In a press release earlier today the European Commission confirmed that they have sent a Statement of Objections to Google concerning what they believe are uses of the company’s dominant position in internet search to skew search results in its favor against other companies operating in Europe.
In addition the EU will also be looking into Google’s actions relating to its Android mobile operating system. This inquiry will look to see if Google used their dominant position to unfairly influence agreements with other companies relating to operating systems, applications and services for smart mobile devices.
Some of that sounds very familiar doesn’t it?
Margrethe Vestager, the EU Commissioner in charge of competition policy, made the following statement concerning these two situations:
"The Commission's objective is to apply EU antitrust rules to ensure that companies operating in Europe, wherever they may be based, do not artificially deny European consumers as wide a choice as possible or stifle innovation".
"In the case of Google I am concerned that the company has given an unfair advantage to its own comparison shopping service, in breach of EU antitrust rules. Google now has the opportunity to convince the Commission to the contrary. However, if the investigation confirmed our concerns, Google would have to face the legal consequences and change the way it does business in Europe."
"I have also launched a formal antitrust investigation of Google’s conduct concerning mobile operating systems, apps and services. Smartphones, tablets and similar devices play an increasing role in many people's daily lives and I want to make sure the markets in this area can flourish without anticompetitive constraints imposed by any company."
By the way, Google is still under the EU microscope for other issues including the search results of other specialized search services, copying competitor’s web content (scraping). advertising exclusivity and applying restrictions on advertisers.
According to Matt Rosoff at Business Insider Google could face fines near 10% of the company’s annual revenue or $6 billion dollars using last year’s company revenues as an example.

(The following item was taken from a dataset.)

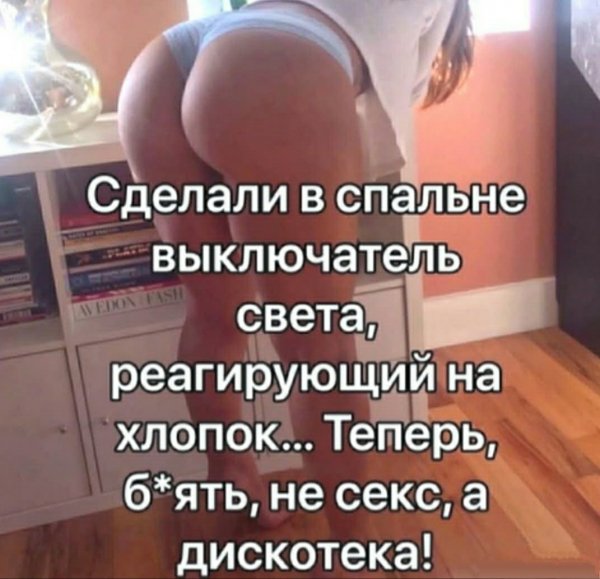 Когда сделали в спальне...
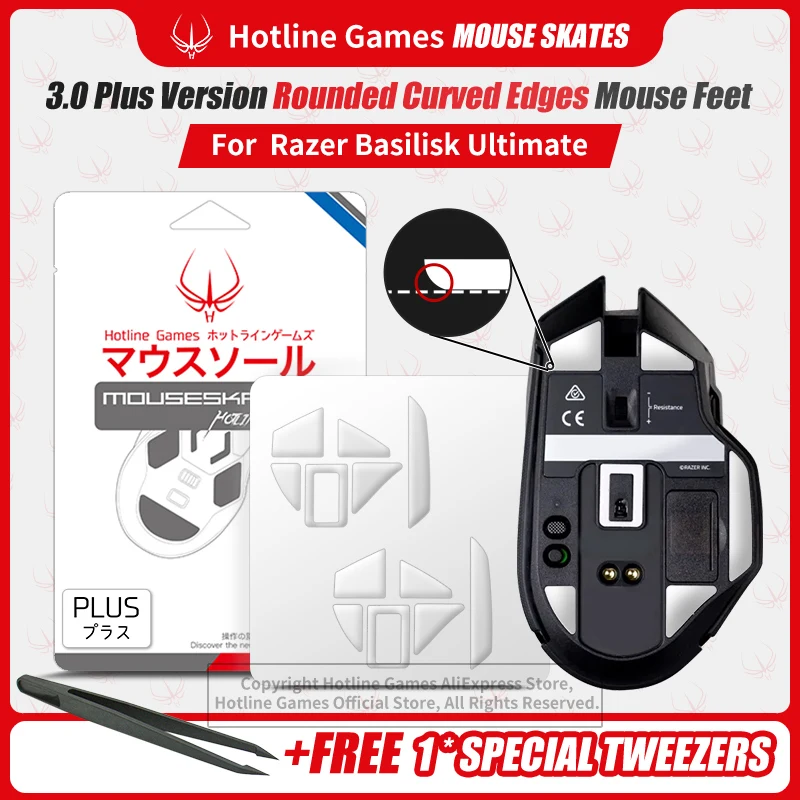 Hotline Games 3.0 Plus Afrundet Buede Kanter Mus Skøjter til Razer Basilisk Ultimative Gaming Mus fødder pad Udskiftning,0,7 mm 1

Microsoft knows what Google is going through in this process.
In 2003 the EU ordered Microsoft to pay nearly $800 million in fines for anti-competitive practices relating to the companies dominant position in the desktop operating system market. Recently, in 2013, the EU charged Microsoft another fine of around $730 million dollars because they had failed to continue to comply with an order to provide a browser ballot in the Windows operating system for users in Europe. That ballot, which was supposed to be in place for five years, was dropped due to a technical error by the Redmond company.